● Work to be completed
Beginning with the line where "515 Hall St" appears, set down each line exactly until the records below end, and omit the pictures.

● Data excerpts
%%

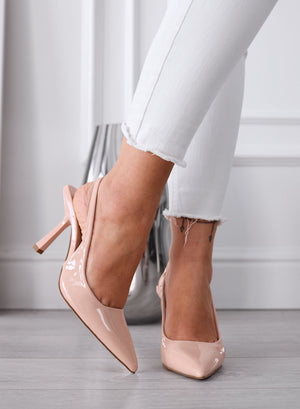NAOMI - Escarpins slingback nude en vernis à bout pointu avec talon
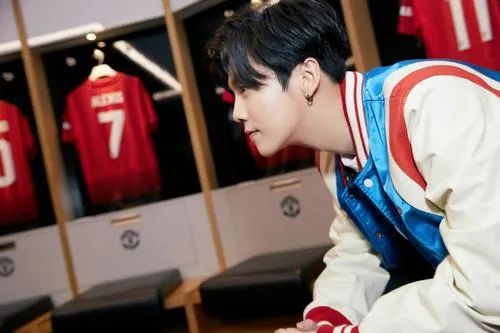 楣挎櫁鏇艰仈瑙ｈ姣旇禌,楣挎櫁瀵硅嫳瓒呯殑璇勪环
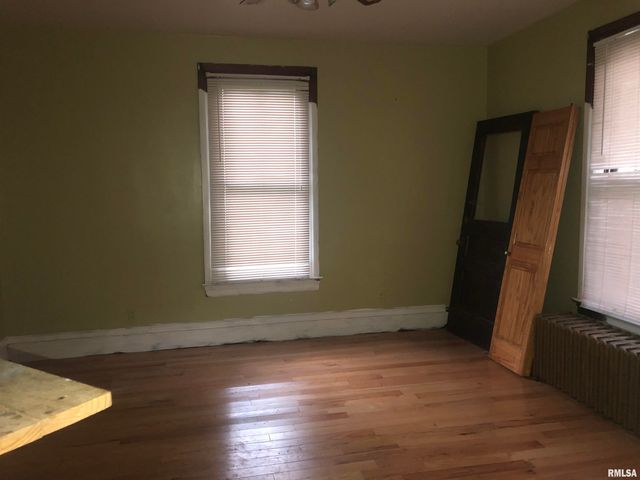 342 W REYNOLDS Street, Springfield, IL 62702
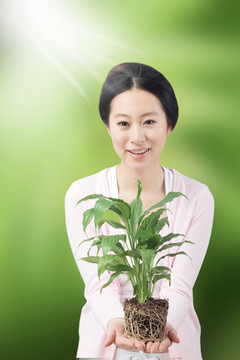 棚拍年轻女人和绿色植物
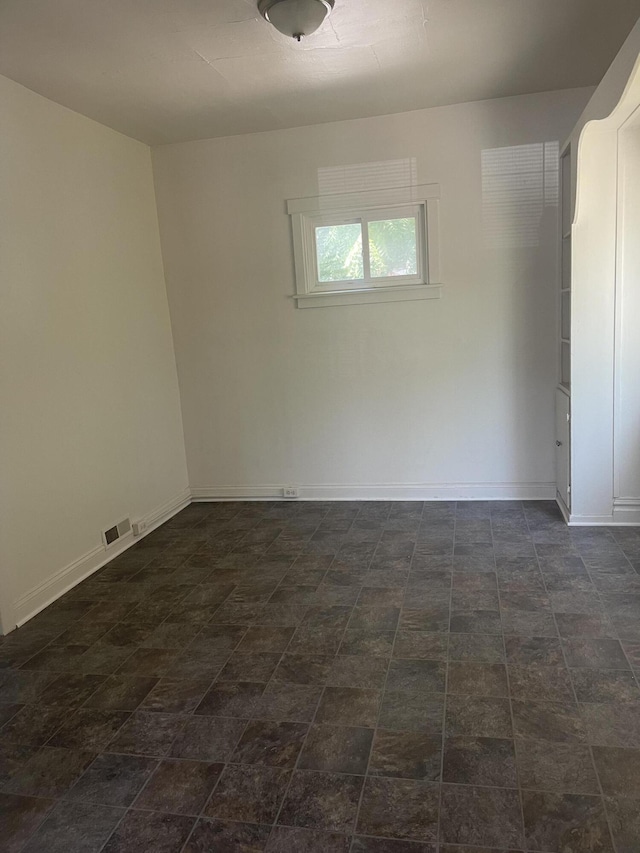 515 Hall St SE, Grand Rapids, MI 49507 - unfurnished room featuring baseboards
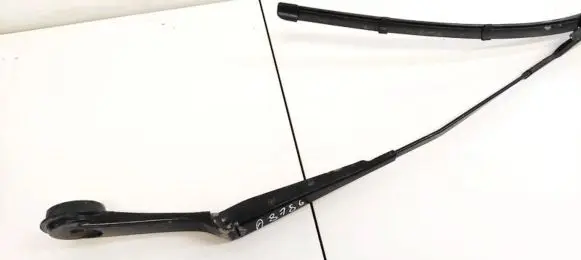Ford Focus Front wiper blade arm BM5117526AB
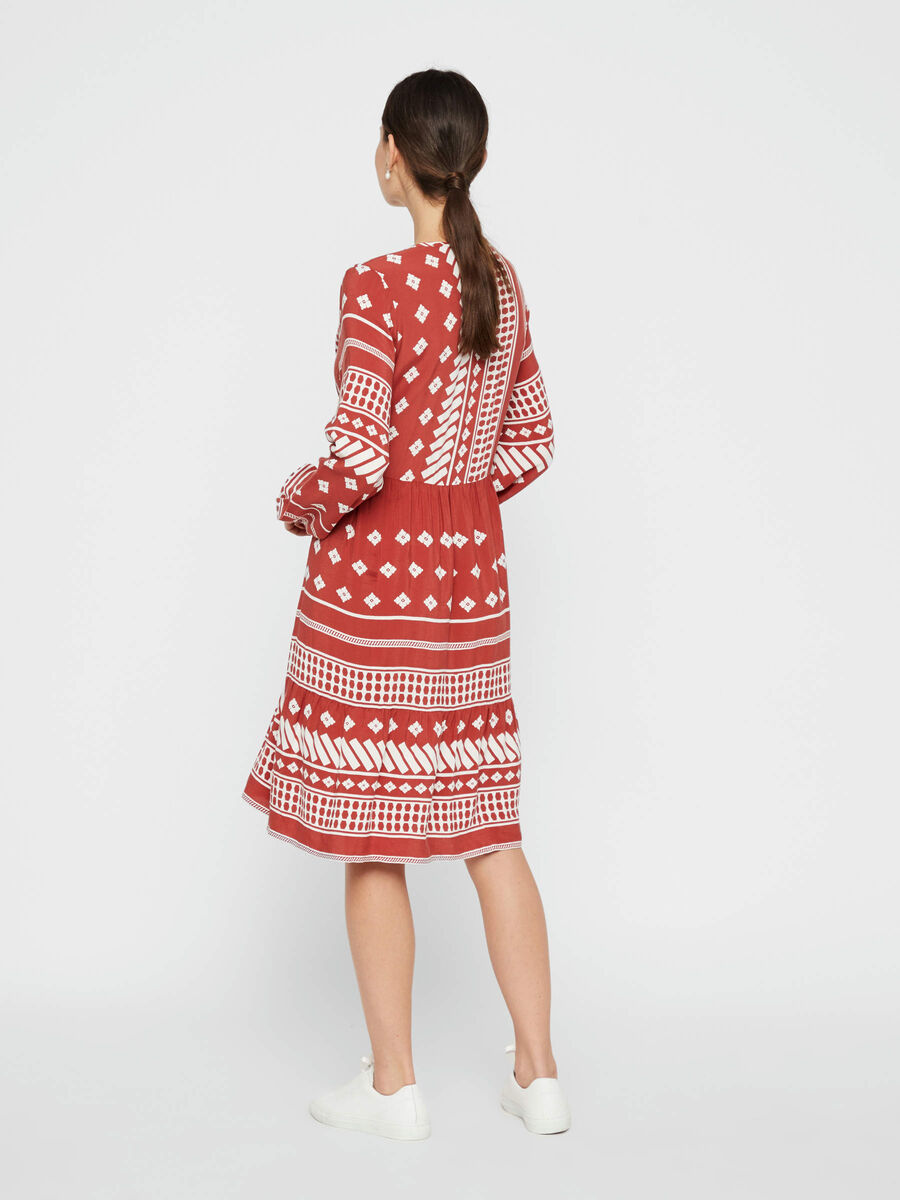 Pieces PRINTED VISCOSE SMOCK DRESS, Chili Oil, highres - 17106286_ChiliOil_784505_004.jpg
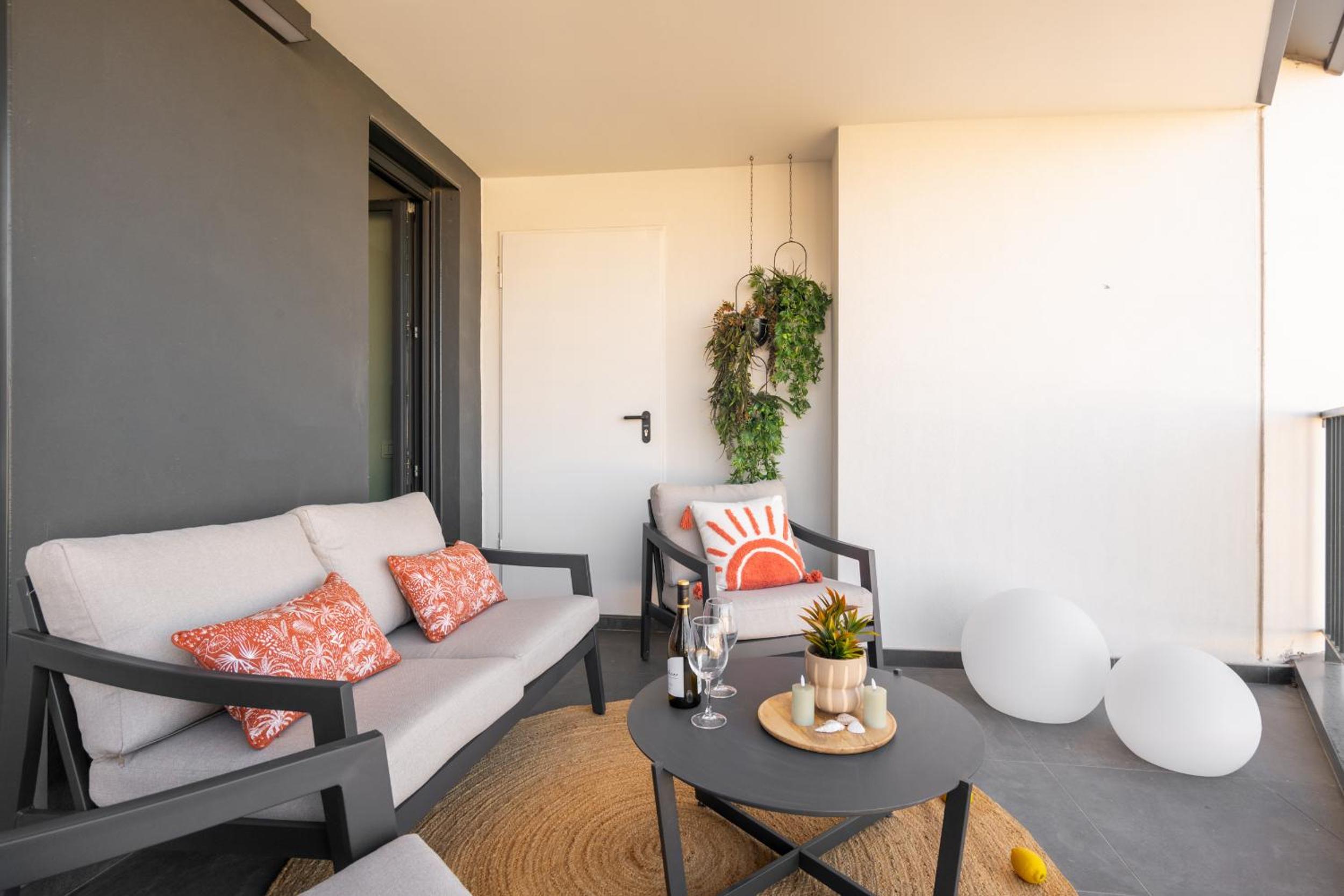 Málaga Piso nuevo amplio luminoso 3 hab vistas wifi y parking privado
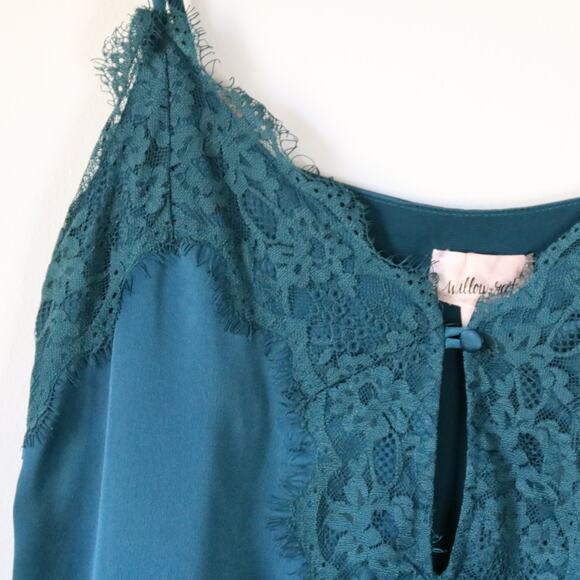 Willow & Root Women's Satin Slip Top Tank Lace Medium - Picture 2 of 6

%%

● Task result
 515 Hall St SE, Grand Rapids, MI 49507 - unfurnished room featuring baseboards
Ford Focus Front wiper blade arm BM5117526AB
 Pieces PRINTED VISCOSE SMOCK DRESS, Chili Oil, highres - 17106286_ChiliOil_784505_004.jpg
 Málaga Piso nuevo amplio luminoso 3 hab vistas wifi y parking privado
 Willow & Root Women's Satin Slip Top Tank Lace Medium - Picture 2 of 6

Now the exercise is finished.